Biraz açarsak şöyle diyebiliriz: Rasûlullah’tan (s.a.) önce gelen peygamberler, sadece kendi kavimlerine gönderilmekte idiler. Kavmi oluşturan insanlar belirliydi ve onlarla birlikte bir ya da iki senede bir cihad yapılırdı. Sonra onlar güçlü kavimlerdi, hem cihadı hem de -ziraat, ticaret gibi yollarla- hayatlarını kazanmayı bir arada yürütebiliyorlardı. Ganimete ihtiyaçları da yoktu. Dolayısıyla Allah Teâlâ, onların amellerine dünyevî bir garazın karışmasını ve böylece ecirlerinin eksilmesini istemedi. Bizim peygamberimiz ise bütün insanlara gönderildi. Onun mücadele edeceği kimseler mahdut olmadığı gibi, cihad zamanı da belirlenmiş değildi. Bu durumda hem cihadı, hem de geçimlerini temin için ziraat, ticaret gibi gerekli faaliyetleri bir arada yürütemezlerdi. Dolayısıyla, onların ganimetlerin kendilerine helâl kılınmasına ihtiyaçları bulunuyordu.

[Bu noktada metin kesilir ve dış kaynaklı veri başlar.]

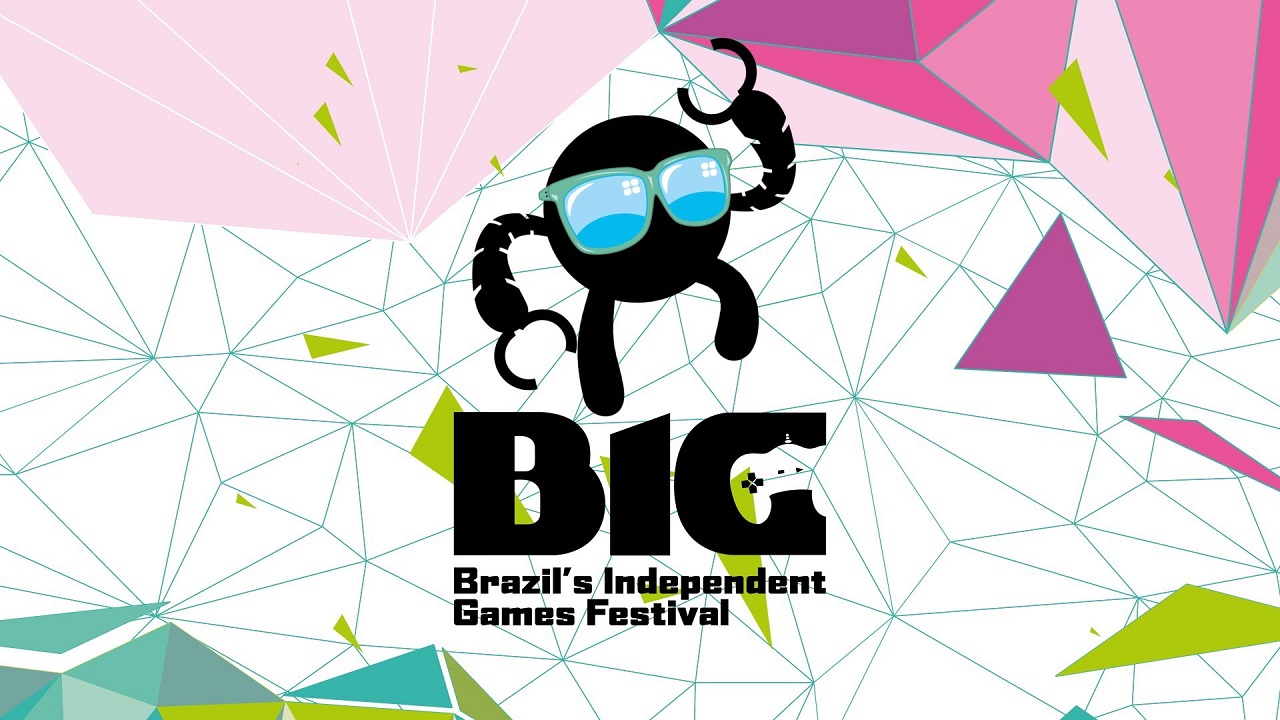 Big Festival 2016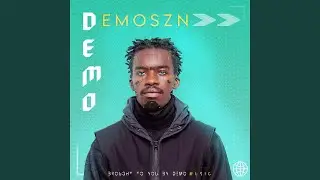 Demonstrate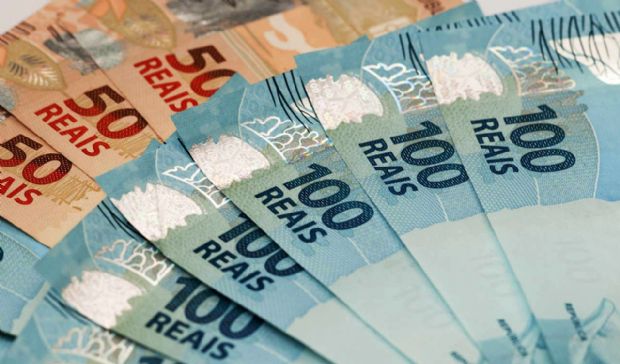 Apostador de Mato Grosso acerta nmeros e leva quase R$ 300 mil na loteria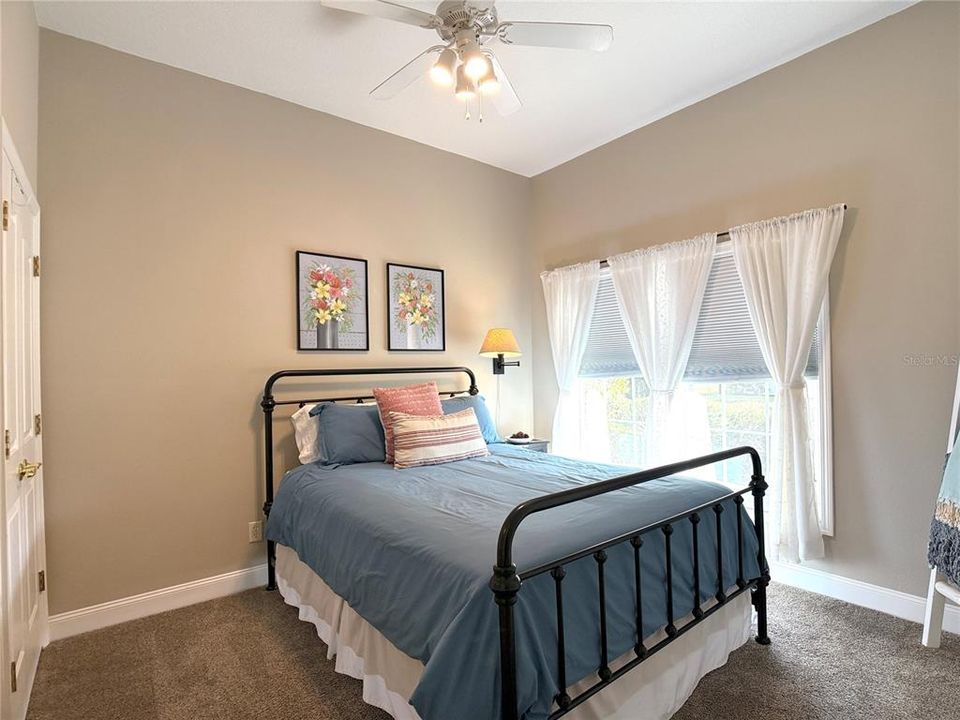 For Rent: $2,800 (4 beds, 4 baths, 2168 Square Feet)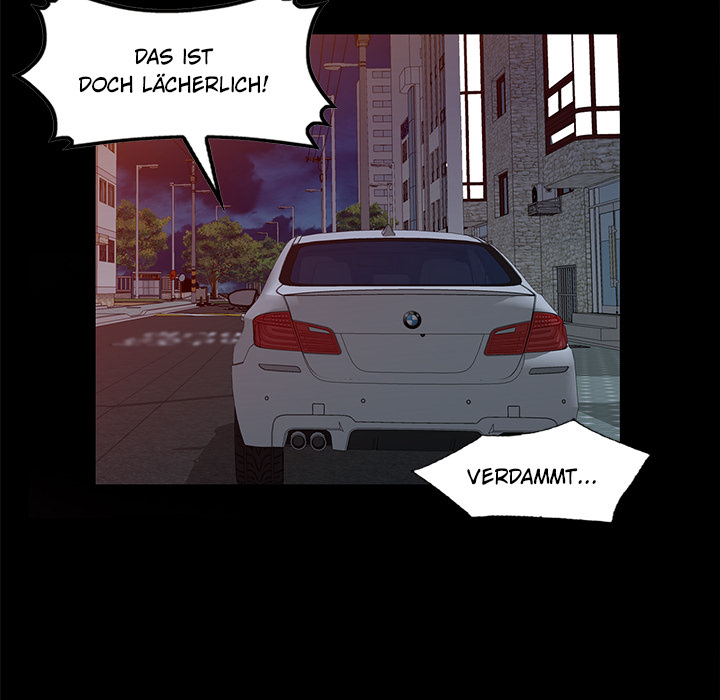 Süße Nachhilfe - episode 27 - 130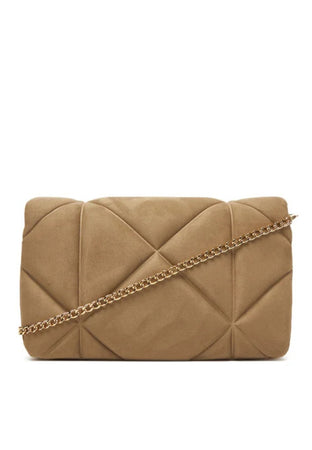 Love Moschino LOVE MOSCHINO BORSA BORSA da donna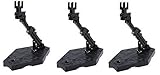 Bandai Hobby Action Base 2 Display Stand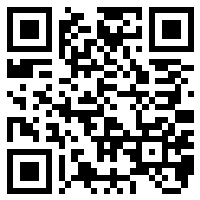 QR Code for bitcoin:33ffPLX5SiSmhqnnYMV9SgoqN31CQR9Sbu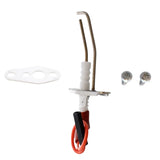 Glowworm Betacom 4 Series Boiler Ignition & Sensing Electrode – 0020195525
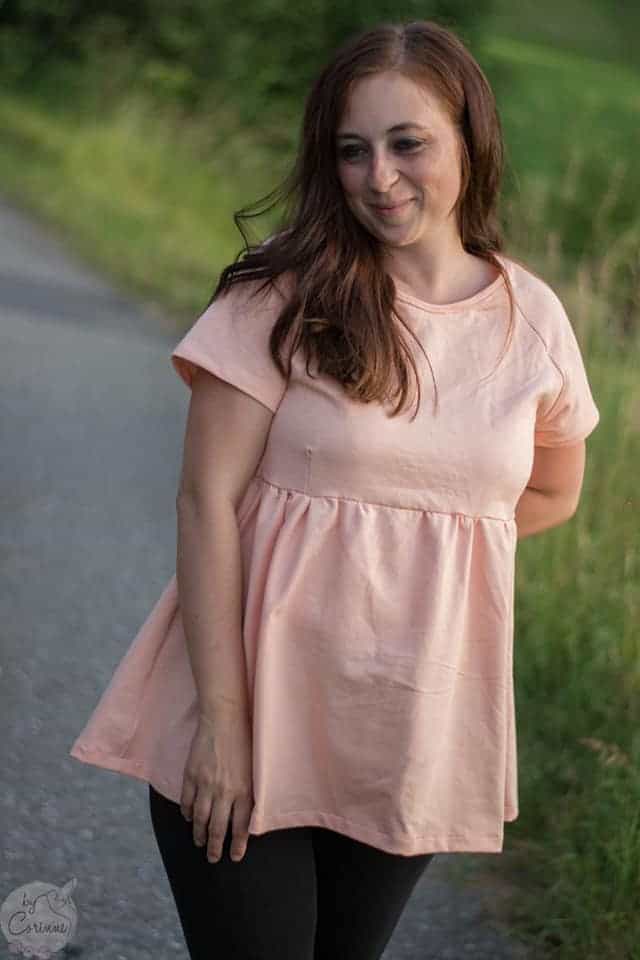 Lady Sweet*ee – Bild 42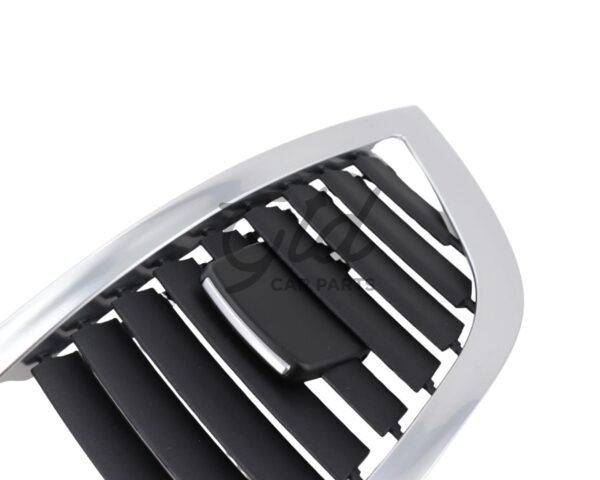 AU04 0001 5 scaled 1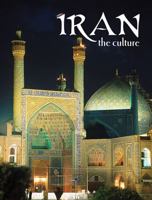 Iran: the Culture 0778793176 Book Cover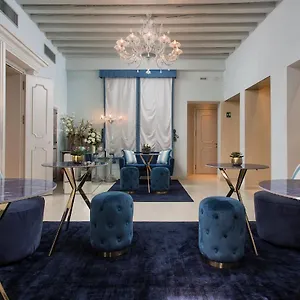 Hotel Relais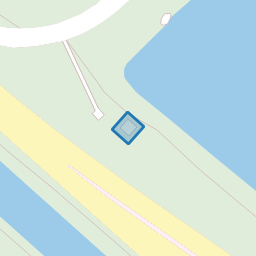 Perceel HLM03-H-11441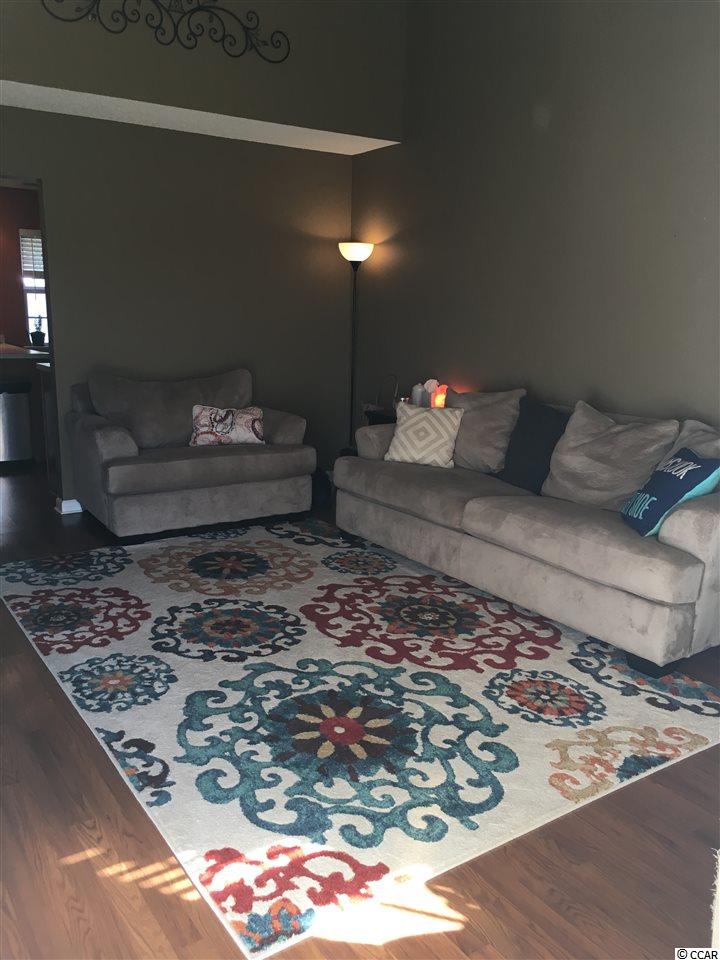 209 Seabert Road, Unit 209 Myrtle Beach, SC 29579 - Photo 2 of 23 Gallery Image 2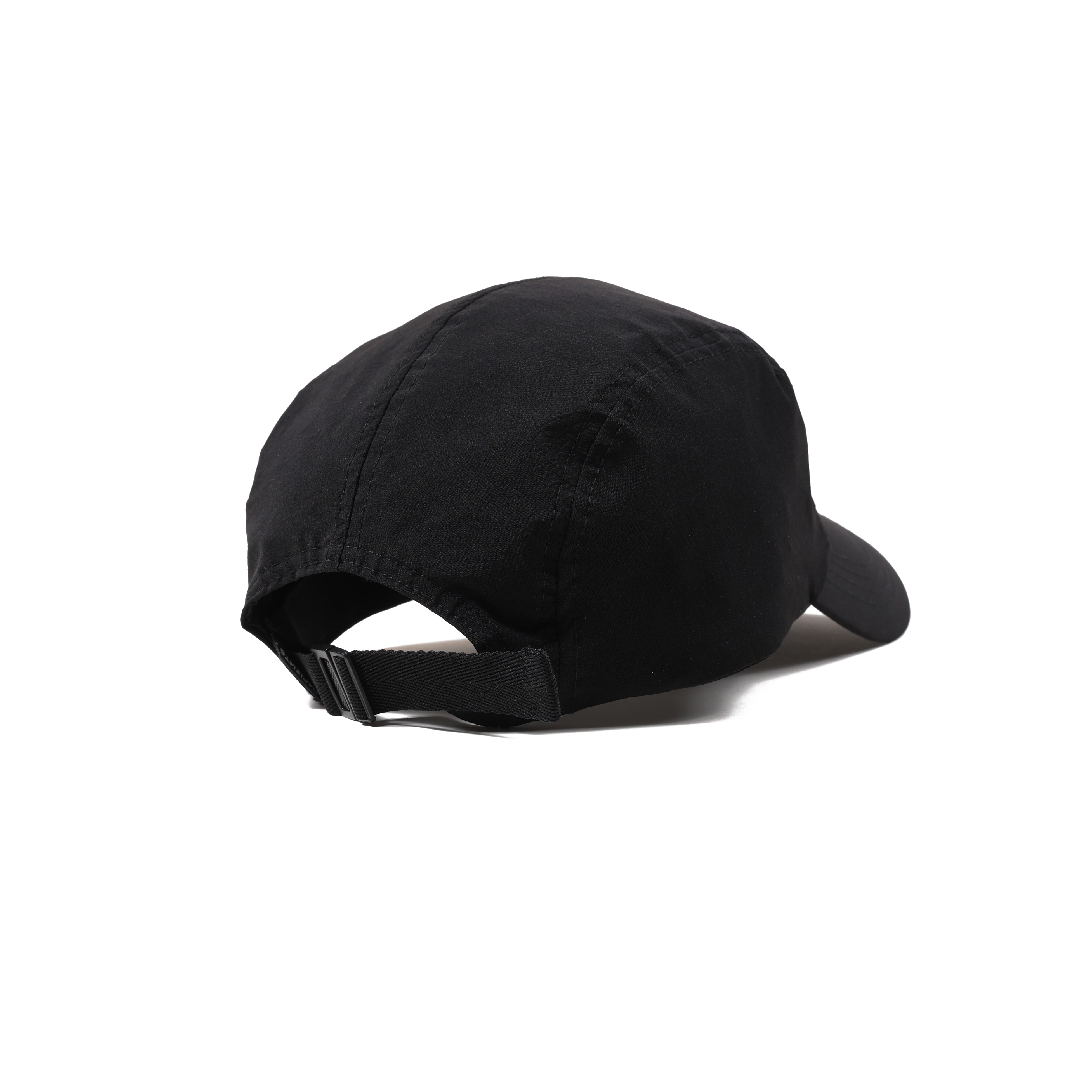 ANCIENTS ASYUT TECHNICAL CAMP CAP AS24UNCP01BK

Rasûlullah’ın (s.a.) daveti genel olduğu için, niyeti zayıf olan insanları da içine alıyordu. Nitekim onlar hakkında,
“Şüphesiz Allah Teâlâ, bu dini günahkâr insanlarla da teyid eder.” [619] hadisi varid olmuştur. Bu gibi insanlar, dünyevî bir menfaat olmadıkça cihada katılmazlar. İlahî rahmet, cihad konusunda son derece geniş tecelli etmiş ve bu gibi insanları da içine almıştır. Öbür taraftan ilahî gazap da, İslâm düşmanlarına aynı kapsamla tecellî etmiştir.
“Allah Teâlâ, yeryüzü halkına baktı ve Arab Acem herkese gazap etti.” [620] Hadisi bu manayı ifade etmektedir. Bu gazap, İslâm düşmanlarının mal ve can dokunmazlıklarının nihaî olarak kaldırılmasını gerektirmiş, müslümanlara onların mallarında tasarruf hakkı kılmakla öfkelerinin kabartılması vacip olmuştur. Nitekim Rasûlullah (s.a.), Ebû Cehil’in devesini, burnunda gümüşten bir halka olduğu ile Harem-i şerîfe kurbanlık olarak sevketmiş ve böylece kafirleri çileden çıkarmak istemişti. Keza, öfkeden çatlatmak için kâfirlerin hurmalarının kesilmesini ve ateşe verilmesini emretmişti. İşte bu gibi sebepler yüzünden Kur’ân, ganimetin bu ümmet için helâl kılındığı hükmünü indirmiştir.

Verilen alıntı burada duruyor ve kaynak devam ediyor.